Dutch UNESCO intern Floor Oudendijk

Not only the Permanent Delegation of the Netherlands to UNESCO is offering Dutch students an insight into UNESCO’s world. There are several Dutch students interning at the various departments of the UNESCO Headquarters. On a rainy Paris afternoon we talked to intern Floor Oudendijk. From her desk in UNESCO’s headquarters, where walking through the corridors you will pass works of Giacommetti, Le Corbusier, Miró, Picasso, Appel and many more, Floor explains us how she experiences her internship at UNESCO.

Nice to meet you Floor, could you shortly tell us who you are and what your background is?

My name is Floor Oudendijk, I was born in the western part of Holland, close to Amsterdam. I am studying Future Planet Studies at the University of Amsterdam, majoring in International Relations. Last semester I did an exchange at Sciences Po in Paris, where I mostly focused on development studies. Currently, I am working as an intern in the Division of Sciences at UNESCO, for the International Hydrological Programme.
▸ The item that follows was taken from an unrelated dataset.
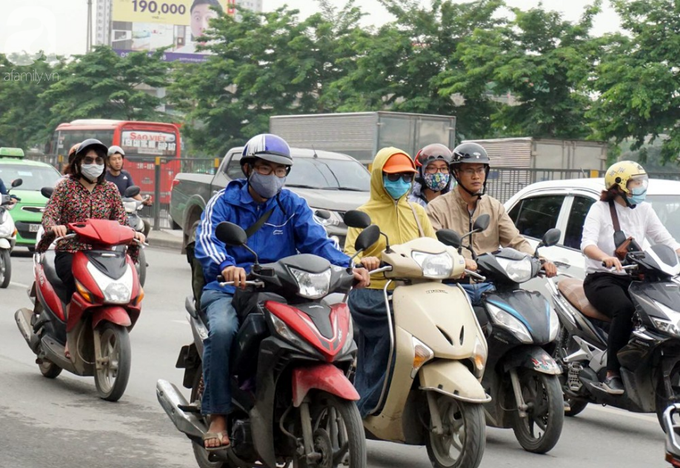 Hà Nội: Gió lạnh bất ngờ xuất hiện khiến nhiệt độ giảm mạnh, người dân quàng khăn, mặc áo rét ra đường - Ảnh 8. Hà Nội: Gió lạnh bất ngờ xuất hiện khiến nhiệt độ giảm mạnh, người dân quàng khăn, mặc áo rét ra đường - Ảnh 8.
How would you describe your department at UNESCO?

The International Hydrological Programme consists of eight staff members and 25 other colleagues (consultants and interns). The Programme is a large one in the sense that it has one of the largest networks in the Natural Sciences Sector. However, it is definitely not the department that has the most employees. Our department is responsible for many things: with the help of the delegations we coordinate activities concerning water sanitation and water education, but also river management.  Furthermore, the IHP Intergovernmental Council has its secretariat here and the World Water Development Report is coordinated from here, together with offices in Perugia. All in all, I could say it is a very dynamic and active division, where people work hard to support development in the water field.

What would a typical day at the IHP department look like?
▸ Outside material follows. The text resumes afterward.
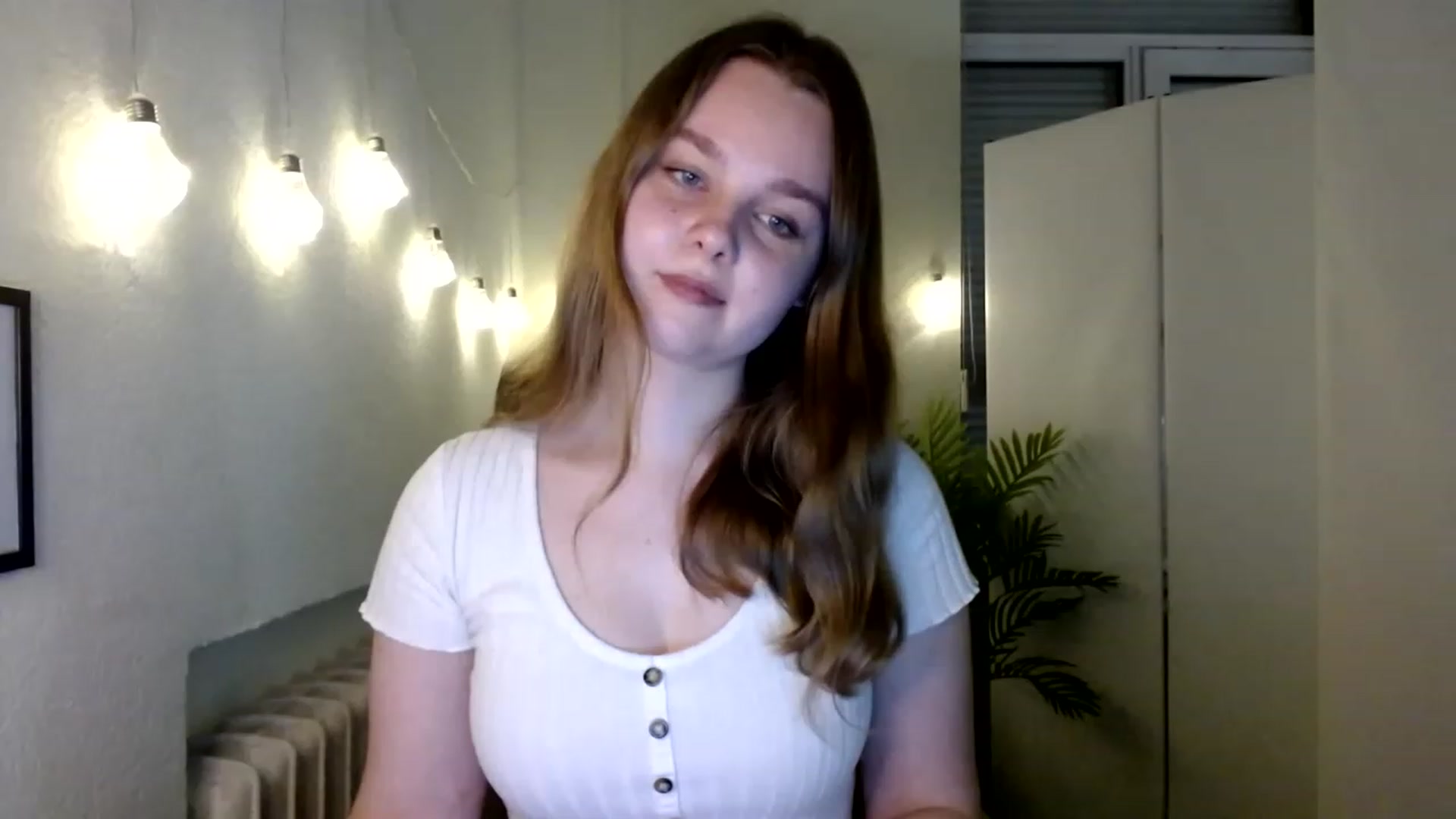 Gallery image thumbnail from Cold_Moon's myfreecams stream on, 11/25/2022, 14:00 image 1 of 20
I start looking at my emails around eight in the morning and start working on what has been assigned to me the day before. This can vary from writing letters to ministers to request their presence at an event, to contributing to a report on global water media coverage or summarizing the results of an activity. I am also contributing to the Anniversary Book of IHP, in which we will celebrate and commemorate the past decades of IHD (International Hydrological Decade) and IHP. Next to that, I am working for ‘the Bureau’, where the activities of IHP are discussed by the six Member States that are currently in the board of the IHP. It is a lot of work, but this is compensated by cultural events in the evenings. A few weeks ago, for example, I attended the L’Oréal-UNESCO Awards, where five women were praised for their excellence in science, and not long ago I attended a Turkish ballet performance for the celebration of Nowruz.

What were your expectations of an internship at UNESCO and do these expectations correspond with your current experience?

My expectations at UNESCO were that I would not have a lot of responsibility. However, I can say that I do have responsibilities and that I am contributing to significant activities. Naturally, everything is checked by my supervisor, but I can do a lot myself. Being given responsibility, makes you learn so much about yourself, about work and about how the organization works. There is a multicultural atmosphere here at Unesco that I really like. What I didn’t expect but also like about UNESCO is that everybody just says ‘hi’ to each other in the corridors.

Do you see the topics you learned in your studies reflected in your internship?

Yes, my background in Environmental Sciences makes me understand how my department tries to mitigate global problems, such as desalination or lack of sanitation. Next to that, my background in International Relations makes me aware of the power field in the water sector. In my internship I can see how states are more interested in certain programmes than in others, depending on their own priorities.

What would, according to you, be the importance of IHP for The Netherlands?

I think it is safe to say that the Netherlands is a “water country”. The Netherlands is globally perceived as belonging to the top in the field in water management. This is why the UNESCO-IHE, Institute for Water Education, is based in the city of Delft. In Delft, students are educated to be the world leaders in water management. IHP is a platform for governments, scientists and NGOs to work together, splitting the costs for activities that help development in all countries. The Netherlands is part of the IHP Council, as one of its 36 Member States. This offers the Netherlands the opportunity to express its interests in an international setting. Furthermore, participating in the IHP provides international exposure of Dutch expertise in water management. Lastly, the international cooperation is, at least I think, very valuable for our country.